61df8894 0ec572f8 19e37640 372ecf1b
Fundamentally, a hash function takes any amount of data and returns a number based on that data.

MD5 SHA-1 SHA-256 SHA-512

We use them every day. They underpin SSL, block encryption, password storage, and many other things that we take for granted.

Non-Cryptographic hash function

All of those are cryptographic hash functions, though. They're designed with specific qualities in mind: to make it as difficult as possible to generate collisions and to be able to work back to find out what the input was. Key derivation functions extend this for use with passwords: bcrypt uses the Blowfish block cipher in conjunction with a basic hashing function to generate CPU-hard hashes based on salted passwords.
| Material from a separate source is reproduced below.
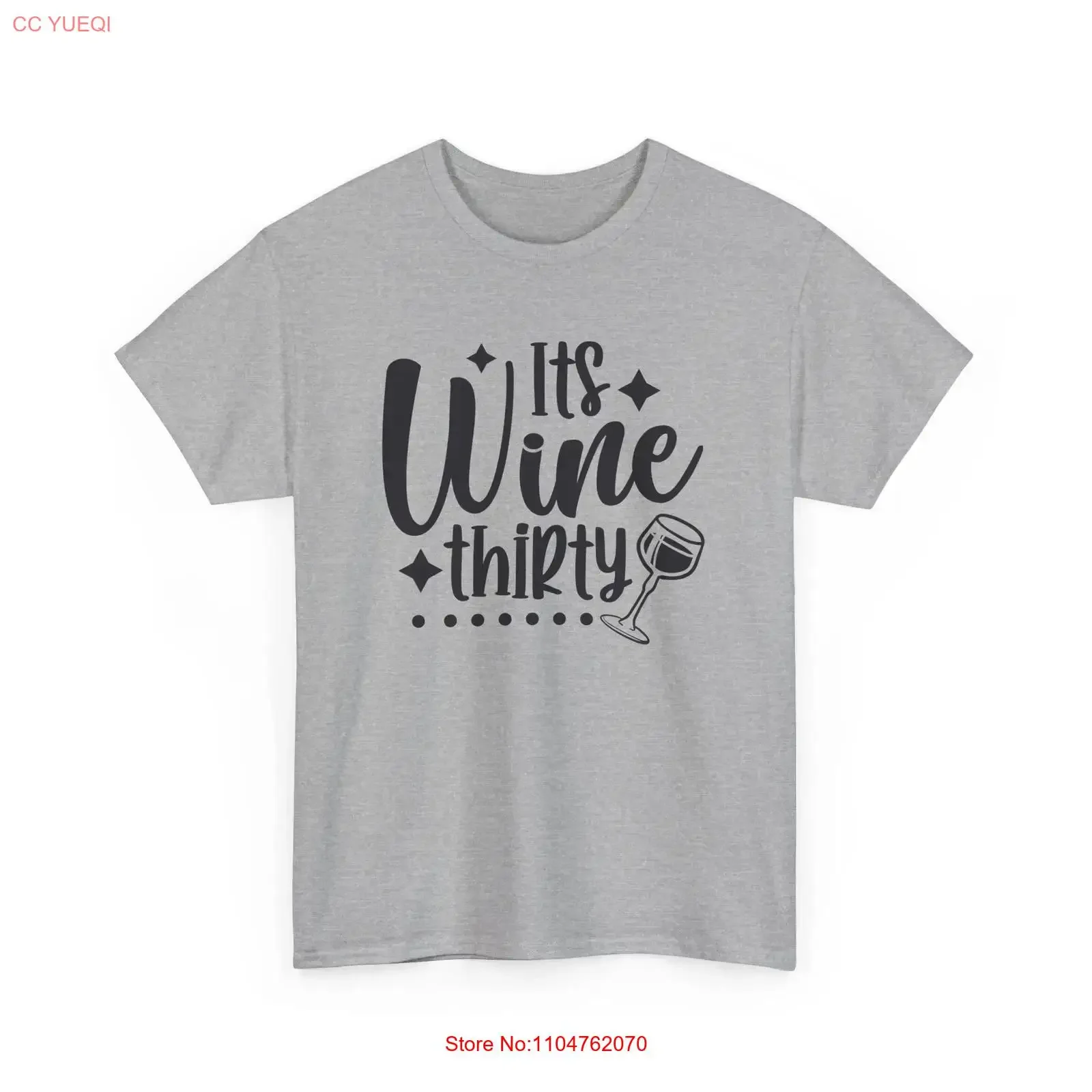 Pure Comedy T Shirt 100 Fun Its wine thirty vintage Washed Top For Everyday Wear Casual Stylish streetwear Breathable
Non-Cryptographic hash function

Not all hash functions have to be cryptographic, though. There's also a place for functions that are fast and reasonably well distributed, but provide no guarantee of security. Some can also minimise memory usage.

This is the world of the non-cryptographic hash function.

Why?

Hash tables

You need some way of distributing things into buckets. Taking a hash of the key is usually the easiest way: in this case, you're not interested in security, but you are interested in speed. (Why would you want to implement a hash table nowadays?)

What have I seen?

Many languages provide set types, but when you're dealing with a lot of data you may not want to keep everything in memory. Hashing it first can help, particularly if you're doing something that can withstand the odd false positive.

Is this valid?

While you'd often need to use a cryptographic hash function for checksumming, there are scenarios where you really do just want the 2010s version of a parity bit. These can be quick and simple. Message digests.

Interoperability

People spec weird things all the time. New Relic CAT example.

It's fun?

How?

Goals

  • Fast
  • Well distributed output

There are two key goals. We want something that's quick, and we want something that distributes its output well. A common use of non-cryptographic hash functions is in implementing hash tables — while that's not usually a huge concern in Python, you don't want clumps in your output, because that often leads to collisions.

Avalanche effect

00010000
00001000
00011000
00000000
000??000
This is what you don't want. You want each change to the data to have a bigger effect on the output.

Avalanche effect

00010000
00001000
00011000
00000000
????????
Having each change have a large change on the output is called the avalanche effect.
def hash_function(data: bytes) -> int:
  for chunk in md_pad(data):
    hash = cleverness(hash, chunk)

  return hash

Broadly, this is how every hash function is constructed. Easy, huh? (Python provides a cleverness function, I'm sure.) Cleverness is actually a "mixing function": it takes the current state and mutates it with the chunk.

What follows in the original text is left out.